Montalvo
‘El gran Jaime’ tenía tantas ganas de vivir que había dejado de escuchar la verdad para escucharse a sí mismo
Cada noche de aquel verano Miguel Barreiro se encerraba a estudiar hasta que veía mi coche acercándose sin luces como una planeadora. Dejaba en la cama la almohada a modo de cuerpo y una nota: “Si estás leyendo esto, papá, significa que he salido un momento”. Escapábamos todos los días sin dinero, rompíamos copas vacías alegando que estaban llenas para que sirviesen nuevas rondas y terminábamos de día bailando descalzos en La Manga, encima de la playa de Montalvo. Papá leía siempre la nota, y al mediodía seguía la misma rutina: primero levantaba las persianas para que entrase el sol y después abría los armarios para vaciarlos de chicas que preguntaban, cándidas, si había desayuno. Aquel verano terminó el último día de agosto: nos despedimos en la puerta de La Manga y nos pusimos a hacer dedo, cada uno en dirección contraria. Le pararon a él primero y se fue corriendo dando saltos de alegría hacia el coche. De pronto se frenó en seco, dio la vuelta y subió las escaleras del after perseguido por el conductor: le había parado su padre.

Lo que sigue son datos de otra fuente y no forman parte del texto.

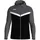 Jako Iconic Trainingsjacke mit Kapuze 801 schwarz/anthrazit L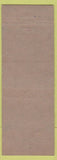 Matchbook Cover - Hotel Leamington Miami FL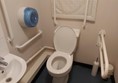 Picture of the accessible toilet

De aquella fauna de Montalvo y Pontevedra, de mis hermanos de sangre, era él, Jaime Barreiro Gens, el que lidiaba con la peor parte: por ser su casa un remedo de la de Gatsby, escenario de fiestas inverosímiles, y por ser su hijo Miguel una especie de caudillo del grupo, el más brillante y vago estudiante, el seductor carismático de mujeres y hombres; fue de todos el que llegó más lejos, el que llegó más alto y el que se quedó, voluntariamente, más solo. Al contrario que Gatsby él no tuvo que inventarse a un padre: Jaime era un hombre guapo con un pasado novelesco, cura enamorado, desertor de la iglesia, maestro de escuela y padre de tres hijos que se quedó pronto sin mujer. Nos llevaba al timón camino a la isla de Ons dándonos órdenes a gritos en su velero Montalvo como si se avecinase un abordaje.
Ha pasado media vida ya, y las que quedan.
Hace unos días, en la orilla de Bascuas, Miguel me contó que a su padre, al gran Jaime, el doctor sólo le podía ofrecer cuidados paliativos. La conclusión del enfermo fue que debía de ponerse fuerte para una quimio inexistente, y empleó sus últimos días en hacer largos en una piscina sin agua como un hermoso salvaje. Tenía tantas ganas de vivir que había dejado de escuchar la verdad para escucharse a sí mismo, y aquella voz no aceptaba una derrota ni un martirio porque de repente entendió, en un momento de grandeza, que la muerte se la creen los muertos. Se fue el lunes, último día de agosto, con una orden clara: sus cenizas se echarían al Atlántico, el mar del color de sus ojos, su mar y el nuestro.